Starting at the line that contains "廣州內(nèi)衣加盟排行榜，狄朵娜內(nèi)衣短期回本（圖）_1" and stopping at the line that contains "Reihenhaus Dunenwaldhaus in", restate each line of the records below exactly. Omit the pictures.

--- DATASET ---
- Opening Delimiter -
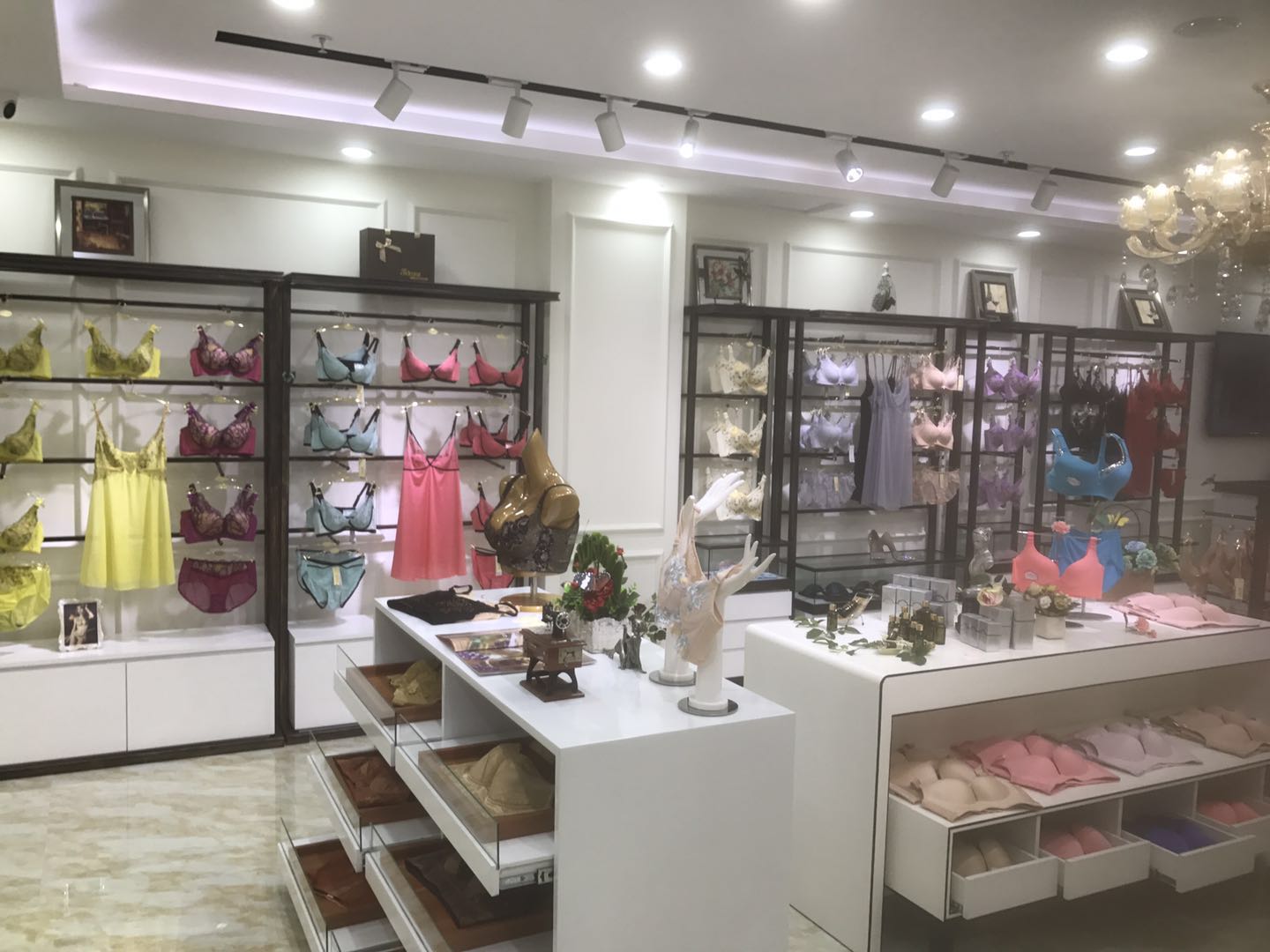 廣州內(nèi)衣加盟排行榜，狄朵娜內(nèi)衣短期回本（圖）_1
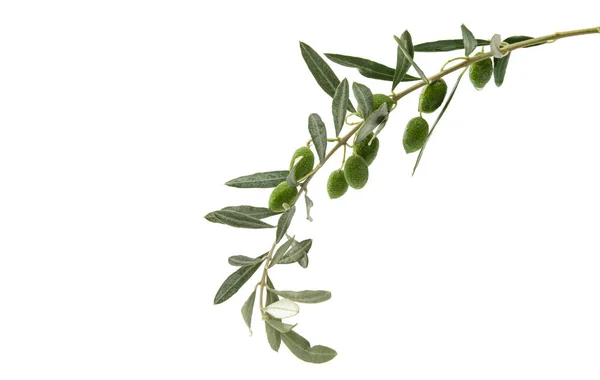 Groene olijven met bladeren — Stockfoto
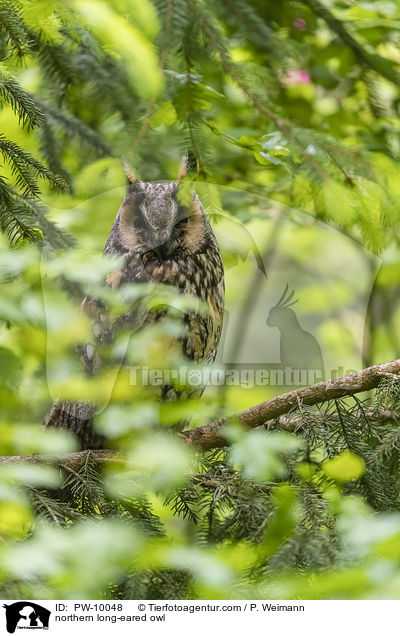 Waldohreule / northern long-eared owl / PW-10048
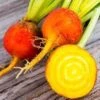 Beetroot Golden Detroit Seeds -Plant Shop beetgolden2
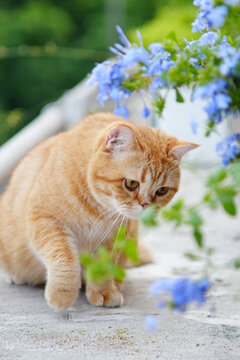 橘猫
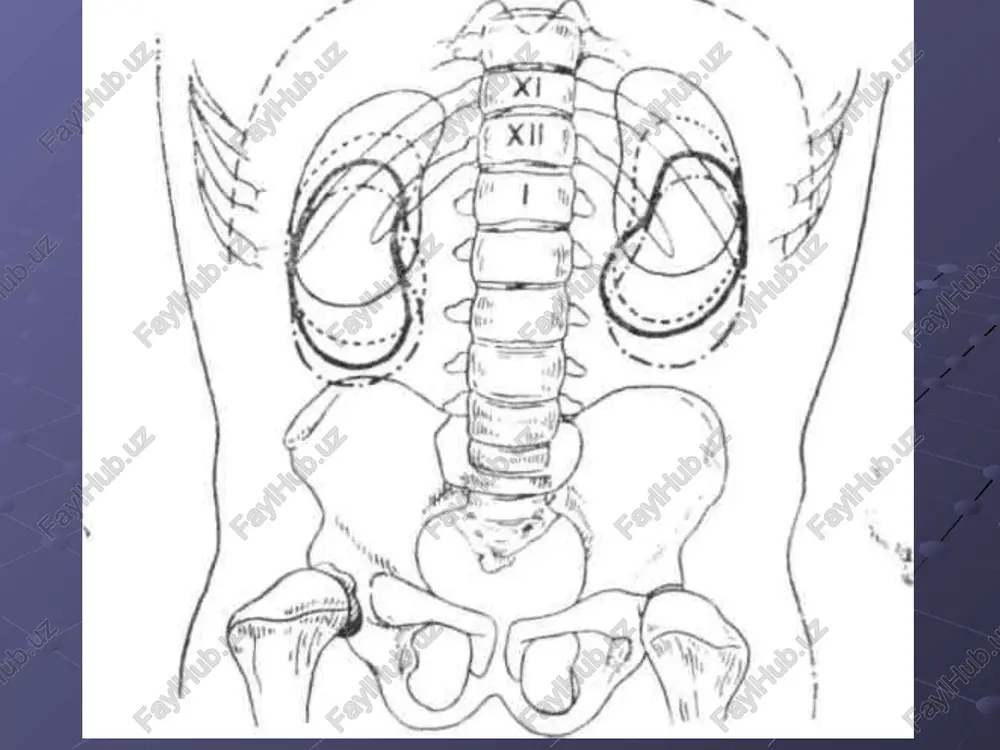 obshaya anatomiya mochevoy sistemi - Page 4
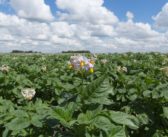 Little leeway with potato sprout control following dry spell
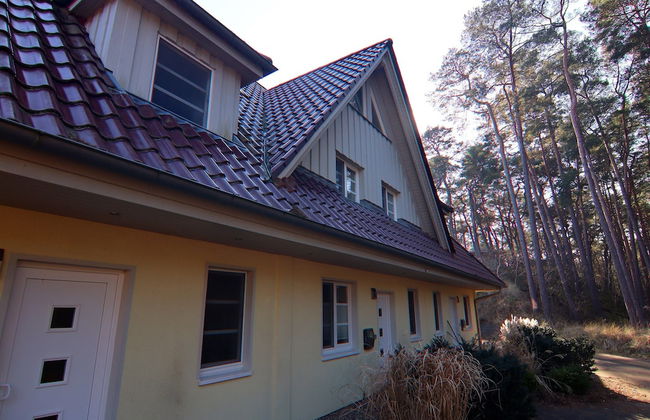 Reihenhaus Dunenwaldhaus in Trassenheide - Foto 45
- Closing Delimiter -
- Opening Delimiter -
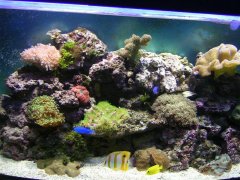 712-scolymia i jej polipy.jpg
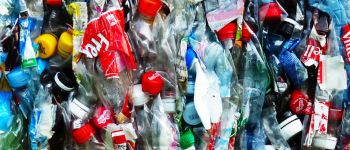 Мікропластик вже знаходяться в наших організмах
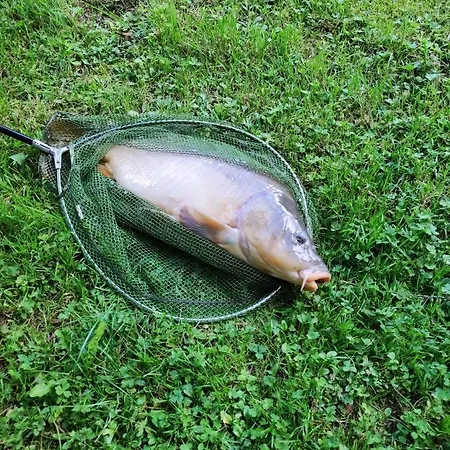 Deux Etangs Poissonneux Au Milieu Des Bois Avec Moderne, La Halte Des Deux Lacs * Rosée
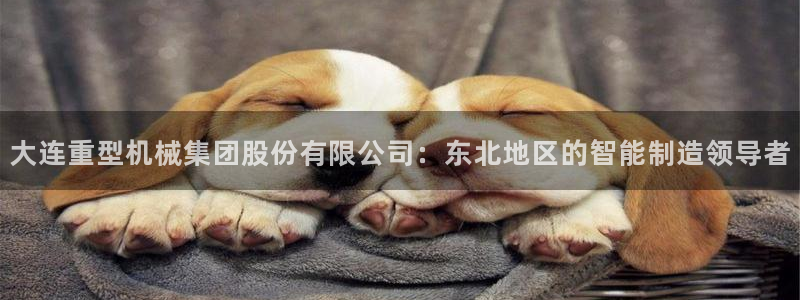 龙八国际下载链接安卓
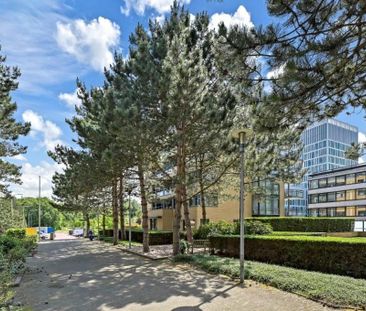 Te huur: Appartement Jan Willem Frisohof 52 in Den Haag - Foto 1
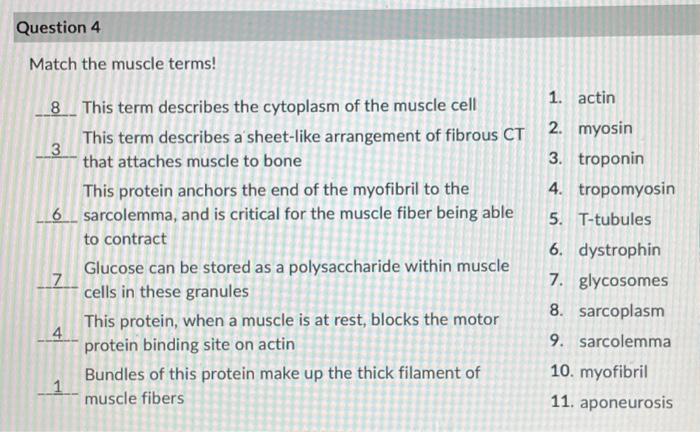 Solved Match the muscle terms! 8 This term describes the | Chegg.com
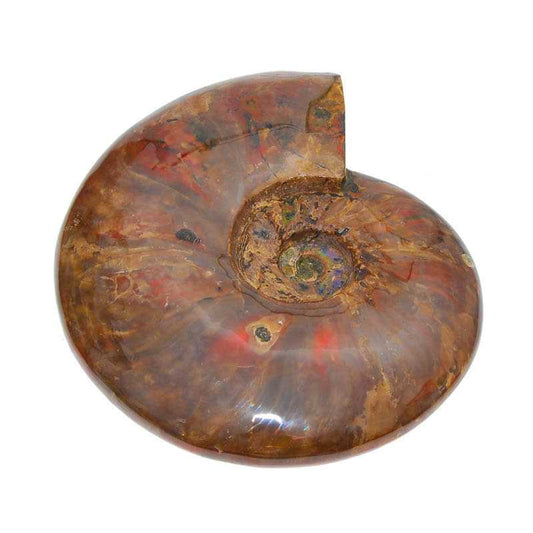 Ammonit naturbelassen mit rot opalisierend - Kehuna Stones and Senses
- Closing Delimiter -
- Opening Delimiter -
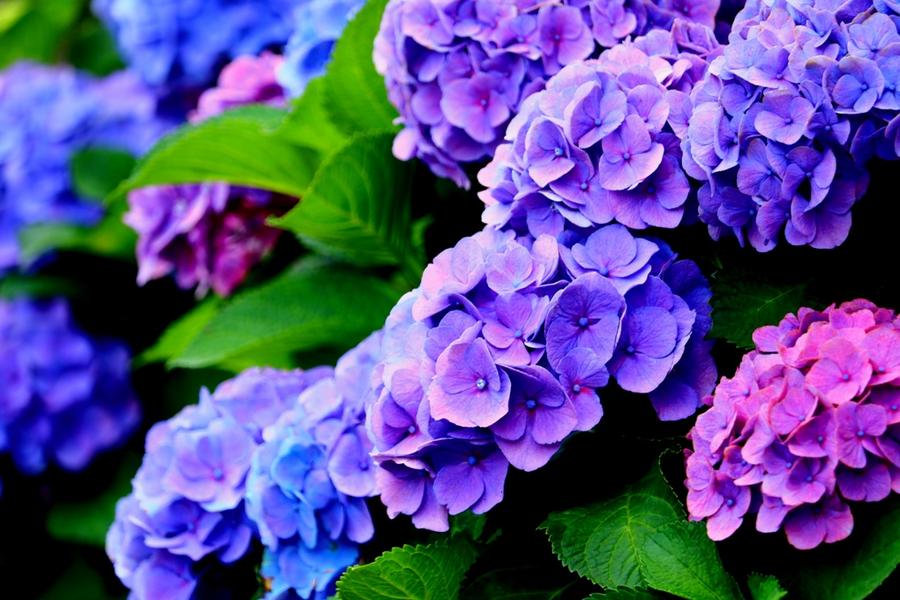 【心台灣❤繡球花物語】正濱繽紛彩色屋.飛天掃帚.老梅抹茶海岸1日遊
- Closing Delimiter -
--- RESPONSE ---
 廣州內(nèi)衣加盟排行榜，狄朵娜內(nèi)衣短期回本（圖）_1
 Groene olijven met bladeren — Stockfoto
 Waldohreule / northern long-eared owl / PW-10048
 Beetroot Golden Detroit Seeds -Plant Shop beetgolden2
 橘猫
 obshaya anatomiya mochevoy sistemi - Page 4
 Little leeway with potato sprout control following dry spell
 Reihenhaus Dunenwaldhaus in Trassenheide - Foto 45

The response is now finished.